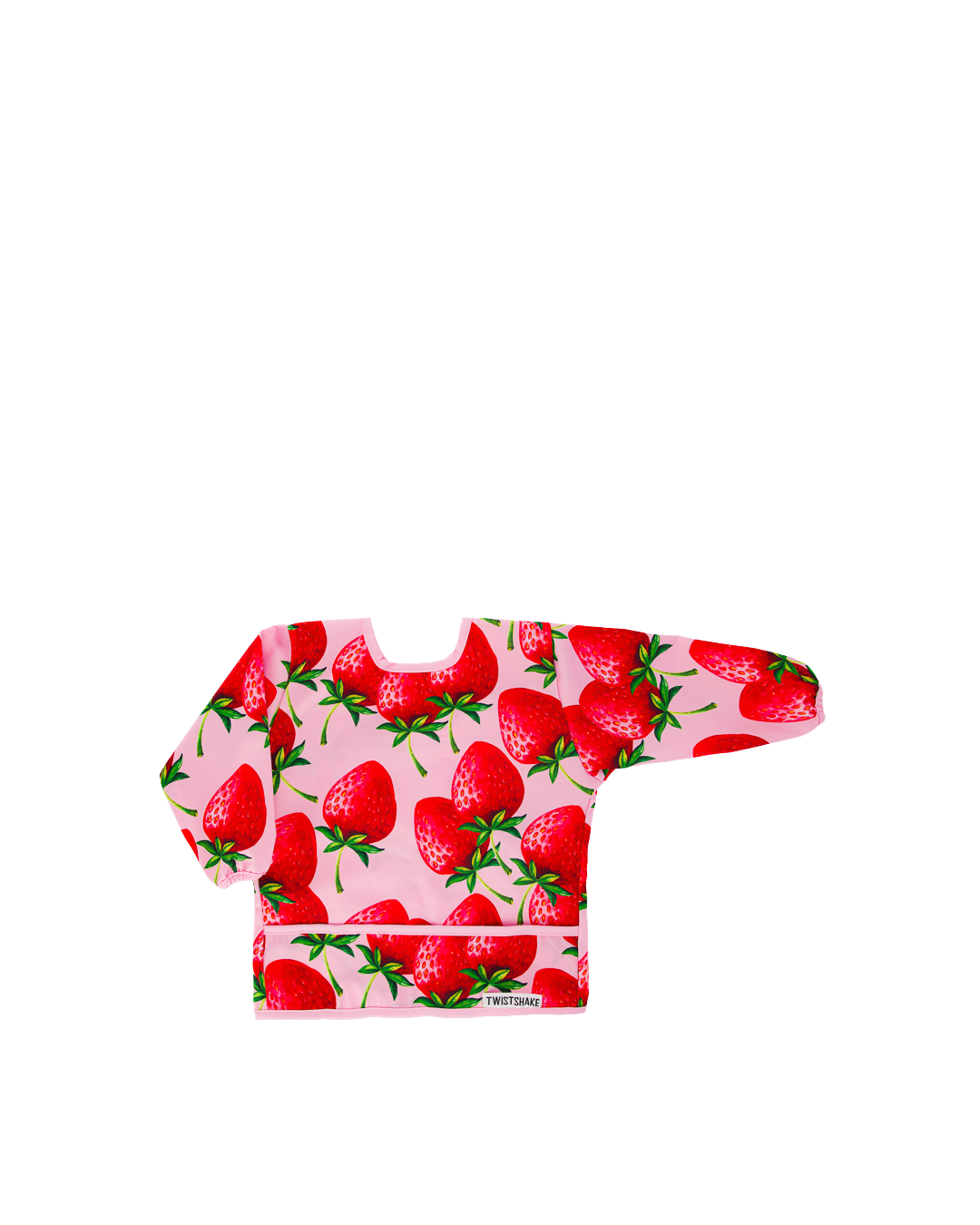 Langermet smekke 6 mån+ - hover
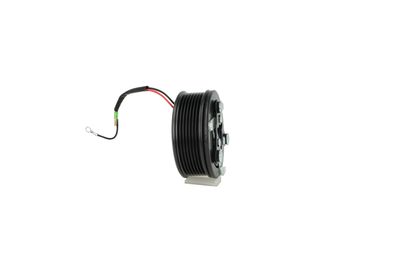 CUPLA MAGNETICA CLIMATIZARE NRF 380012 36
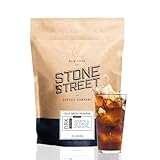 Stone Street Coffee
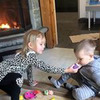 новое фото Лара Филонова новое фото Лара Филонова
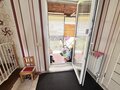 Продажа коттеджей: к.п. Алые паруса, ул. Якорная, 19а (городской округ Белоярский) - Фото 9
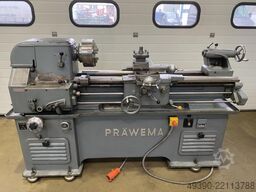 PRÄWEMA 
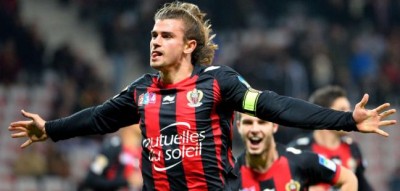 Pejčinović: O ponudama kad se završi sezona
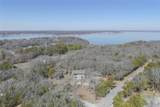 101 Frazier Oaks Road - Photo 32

Task to complete =>
With the pictures left out, please output each line from the one containing "новое фото Лара Филонова новое" through the end of the entries, exactly as it is.

Reply =>
 новое фото Лара Филонова новое фото Лара Филонова
 Продажа коттеджей: к.п. Алые паруса, ул. Якорная, 19а (городской округ Белоярский) - Фото 9
 PRÄWEMA 
 Pejčinović: O ponudama kad se završi sezona
 101 Frazier Oaks Road - Photo 32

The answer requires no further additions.